### [SUPPLIED RECORDS]
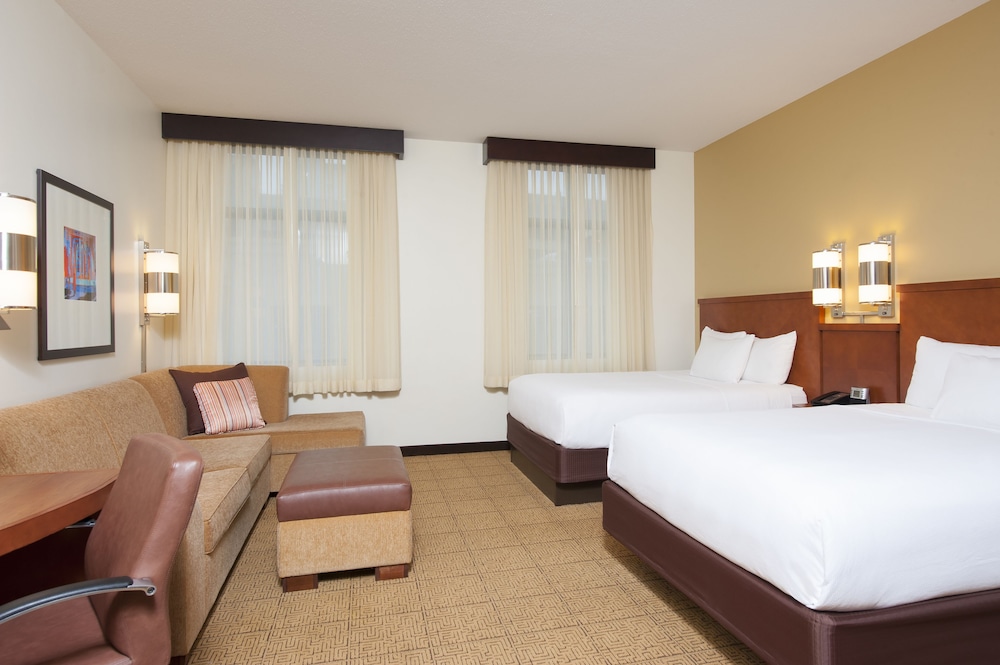 Hyatt Place Des Moines Downtwn 8/45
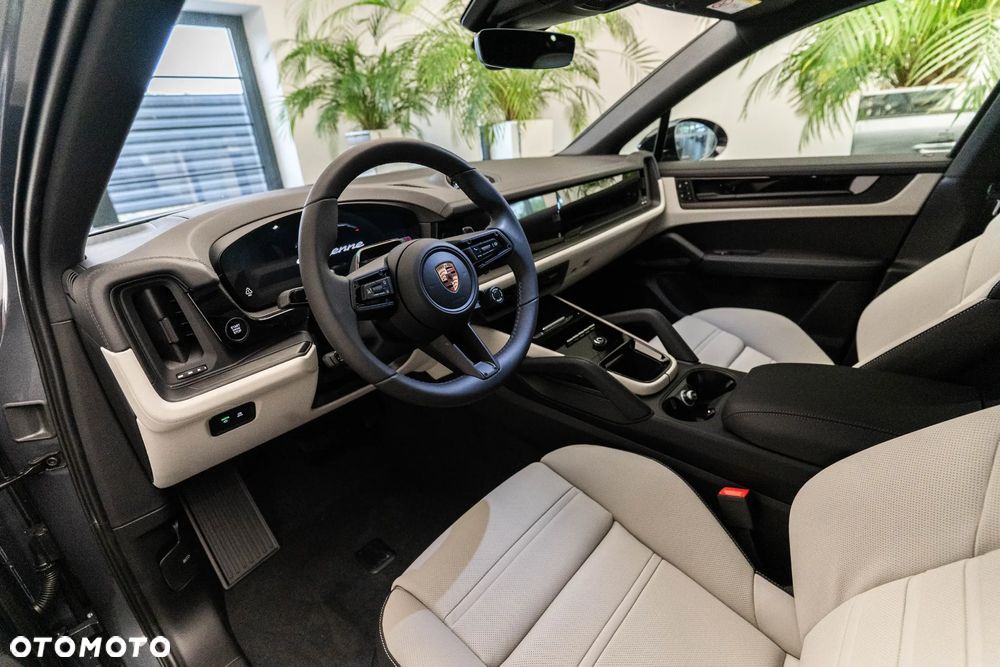 Porsche Cayenne Black Edition - 10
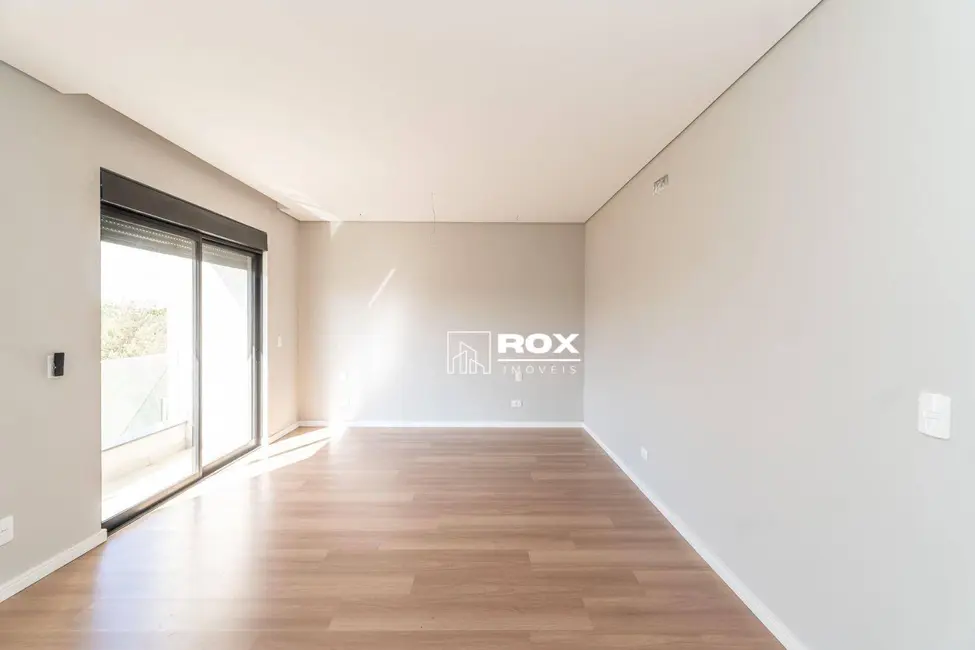 Foto 8 de Sobrado com 4 quartos à venda, 210m2 em Costeira, Sao Jose Dos Pinhais - PR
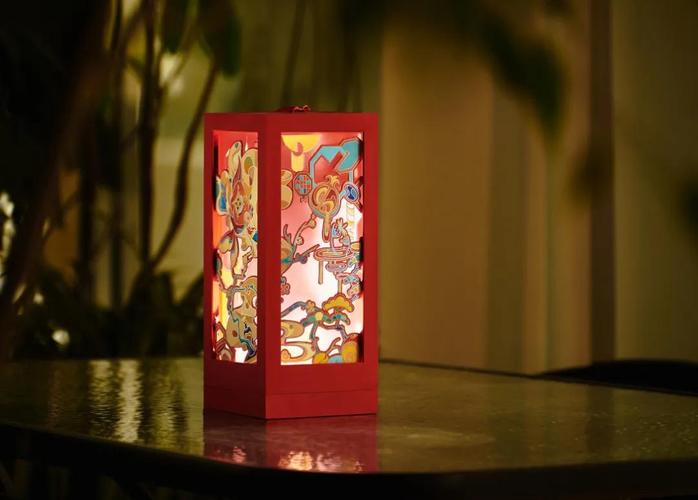 走马灯式的外盒造型,四面鱼跃枝头,繁花似锦等剪纸插画,让传统的新年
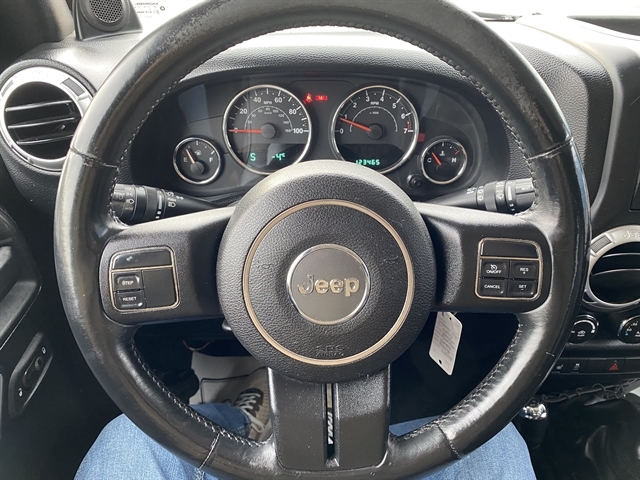 2013 Jeep Wrangler Unlimited Sahara - Photo 14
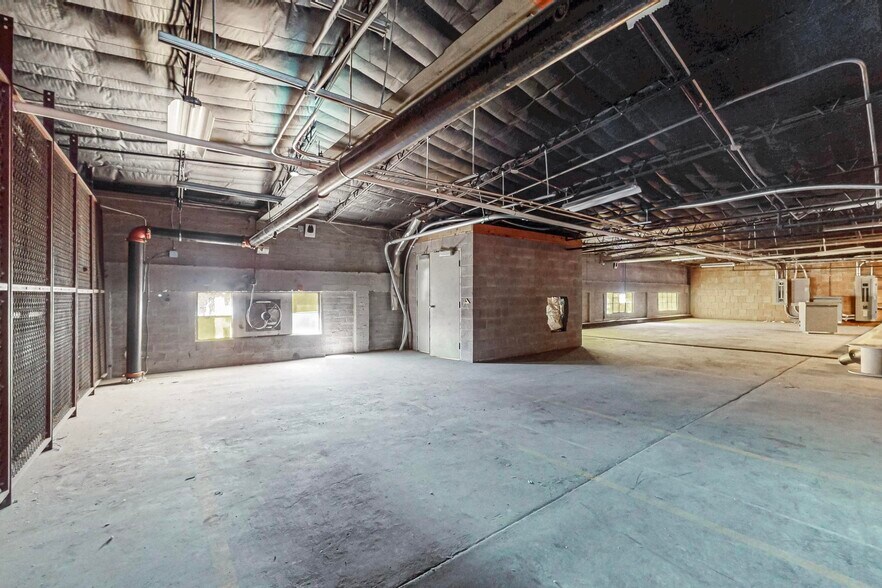 More Photos Of 1510-1512 1st St NW, Albuquerque Industrial For Sale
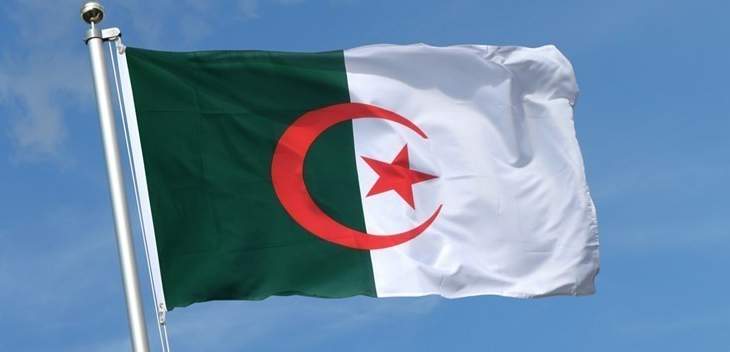 رويترز: الجزائر تمنع السوريين من دخولها بسبب عناصر المعارضة المسلحة
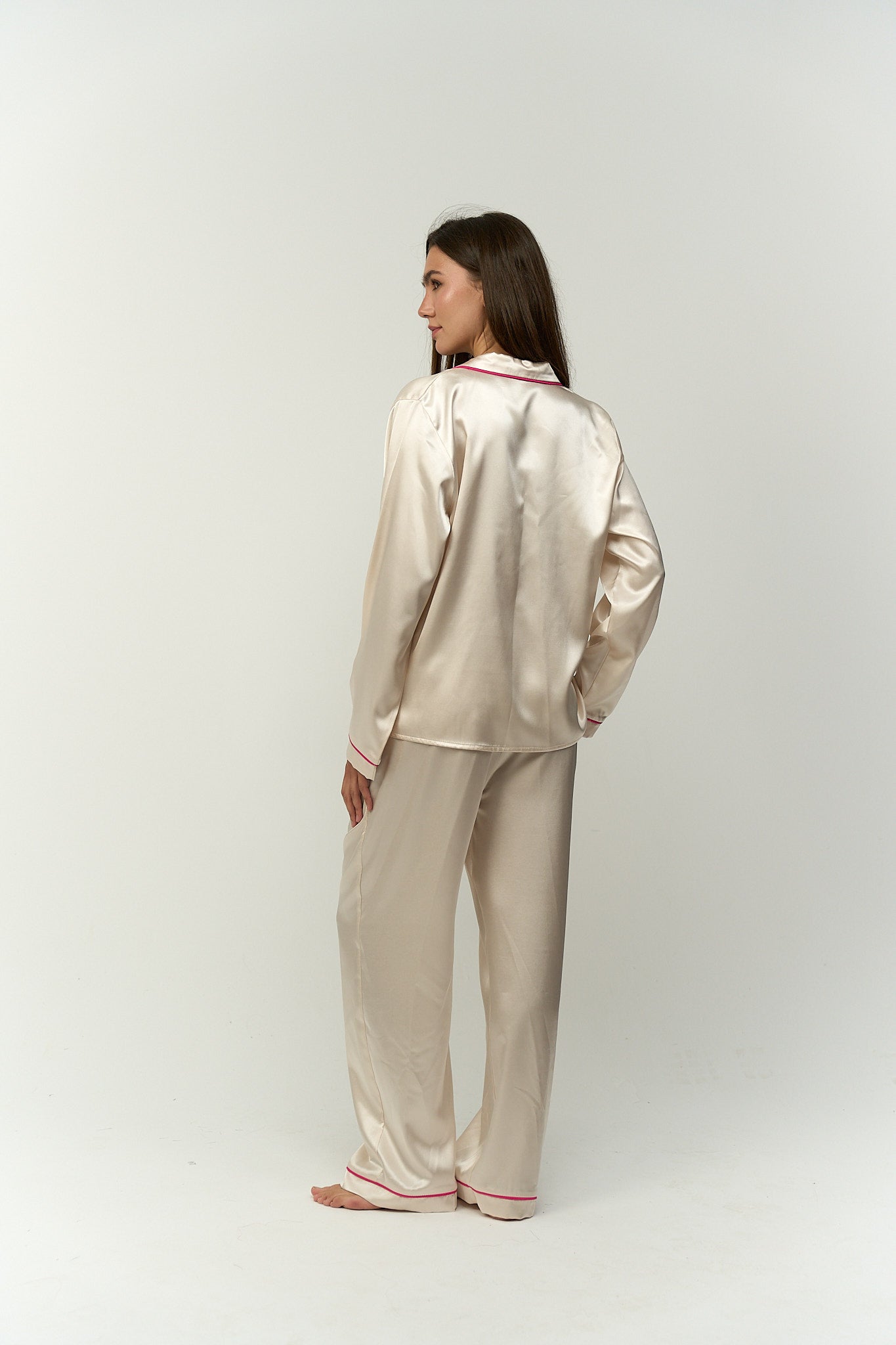 طقم بيجامة بطبعة قلب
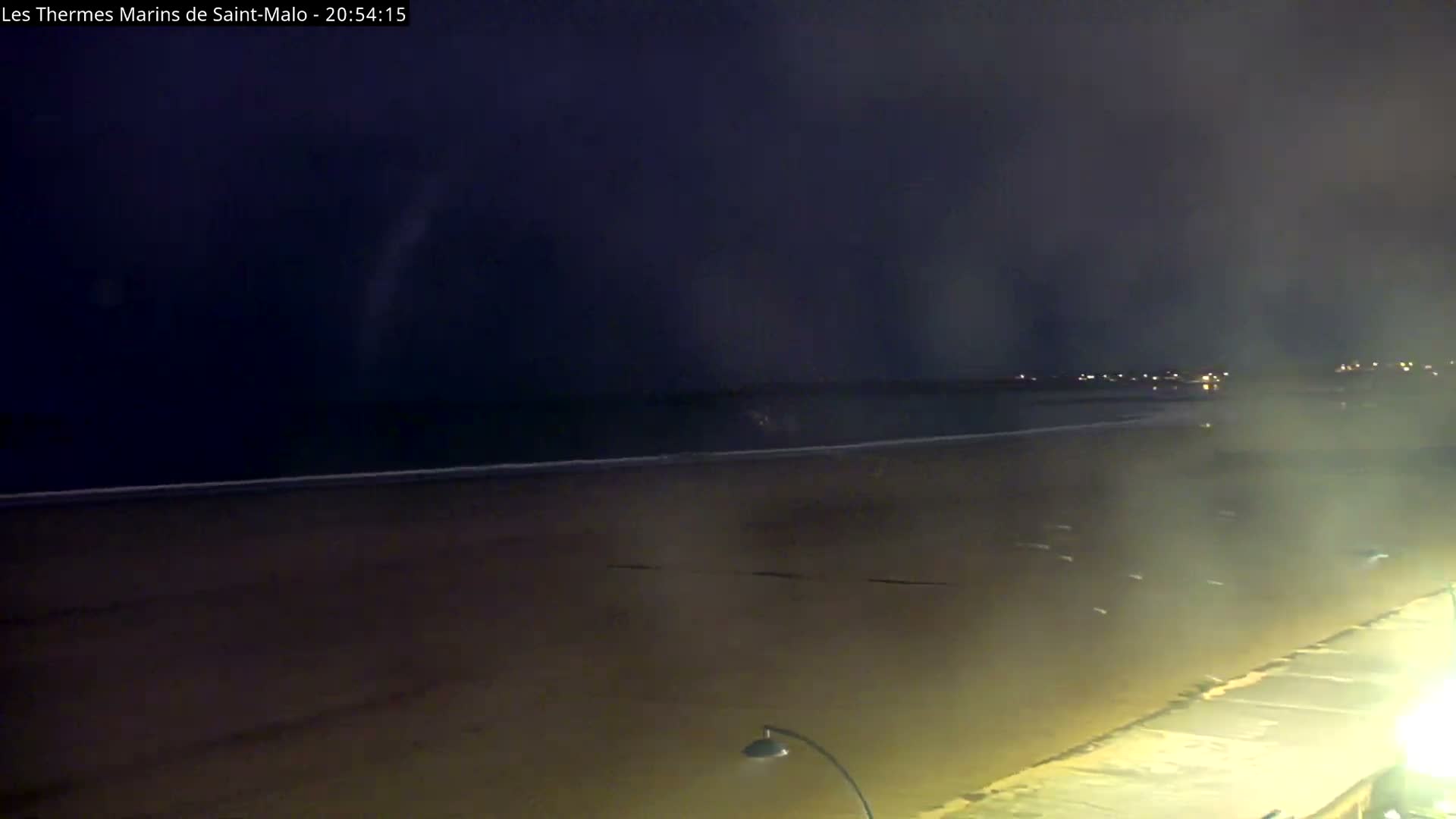 Saint-Malo City & Beach View Skyline Live Cam - Saint-Malo, Ille-et-Vilaine, Bretagne, France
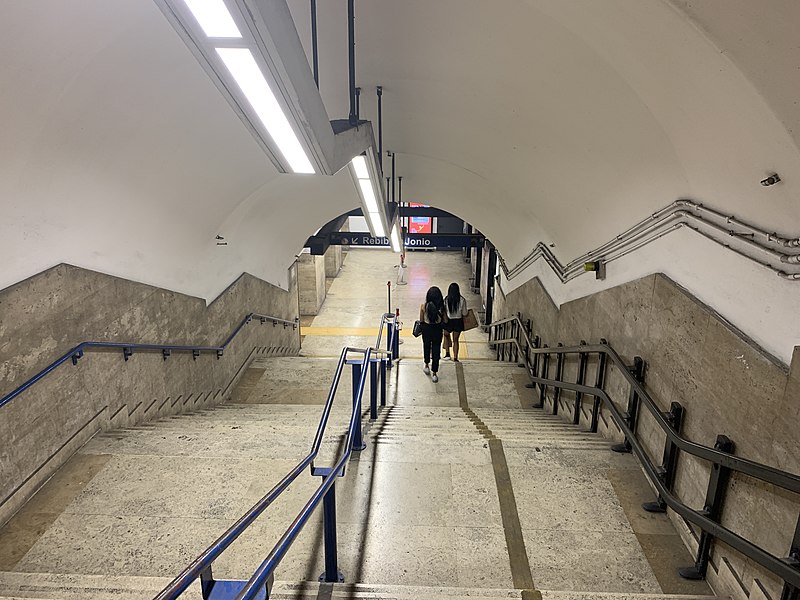 File:Escaliers Accès Station Métro Colosseo - Rome (IT62) - 2021-08-29 - 1.jpg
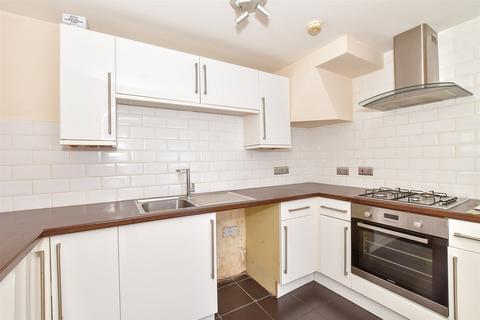 2 bedroom ground floor flat for sale, Lind Hill, Ryde PO33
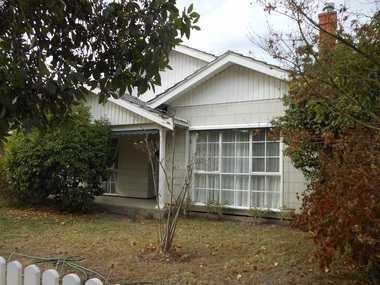 Photograph - 6 Banool Road, Surrey Hills, The Street Where You Live Project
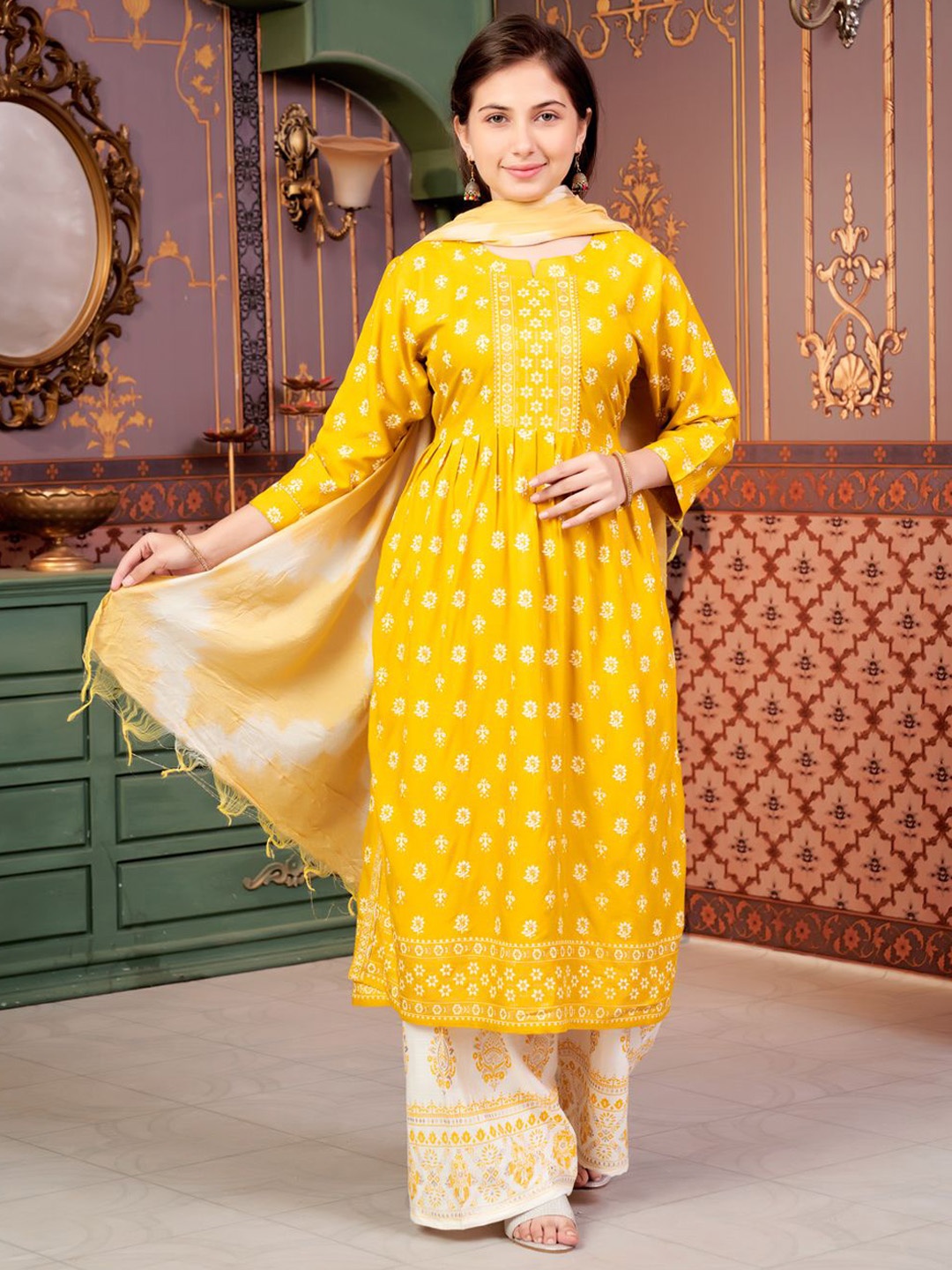 

Sangria Girls Printed Round Neck Kurta Palazzo & Dupatta Sets, Yellow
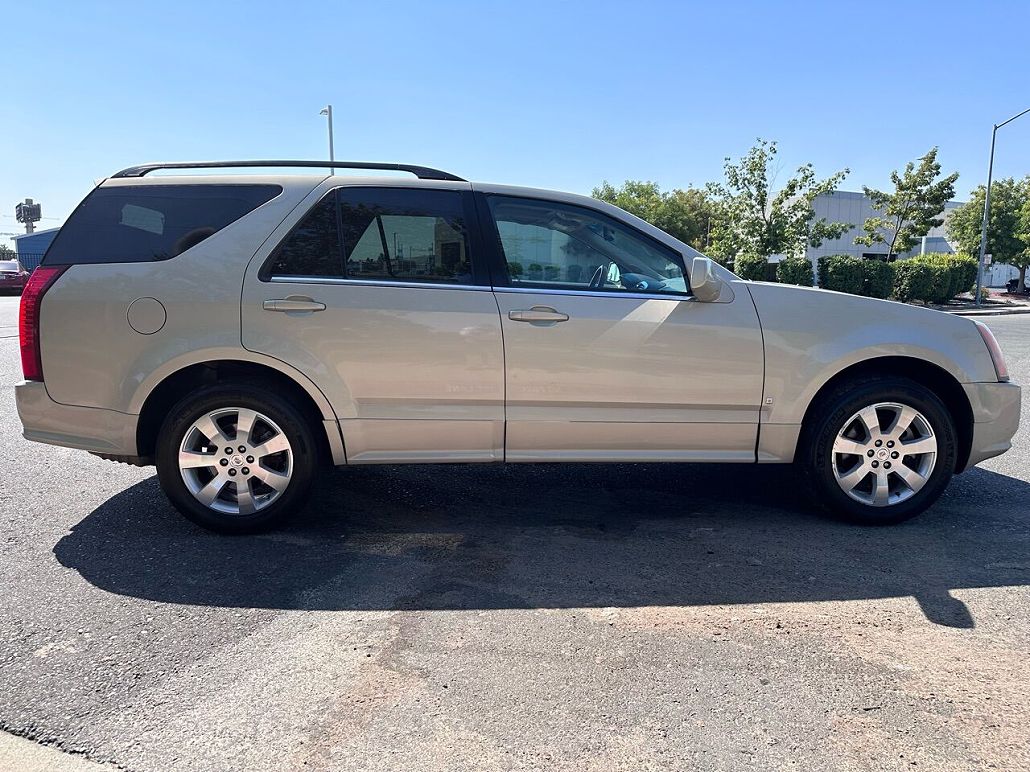 2007 Cadillac SRX null image 4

### [YOUR ASSIGNMENT]
Only the lines from the one with "2013 Jeep Wrangler" through the final line of the data should be written out, exactly and including both ends. Skip the pictures.

### [RESULT BELOW]
 2013 Jeep Wrangler Unlimited Sahara - Photo 14
 More Photos Of 1510-1512 1st St NW, Albuquerque Industrial For Sale
 رويترز: الجزائر تمنع السوريين من دخولها بسبب عناصر المعارضة المسلحة
 طقم بيجامة بطبعة قلب
 Saint-Malo City & Beach View Skyline Live Cam - Saint-Malo, Ille-et-Vilaine, Bretagne, France
 File:Escaliers Accès Station Métro Colosseo - Rome (IT62) - 2021-08-29 - 1.jpg
 2 bedroom ground floor flat for sale, Lind Hill, Ryde PO33
 Photograph - 6 Banool Road, Surrey Hills, The Street Where You Live Project

Sangria Girls Printed Round Neck Kurta Palazzo & Dupatta Sets, Yellow
 2007 Cadillac SRX null image 4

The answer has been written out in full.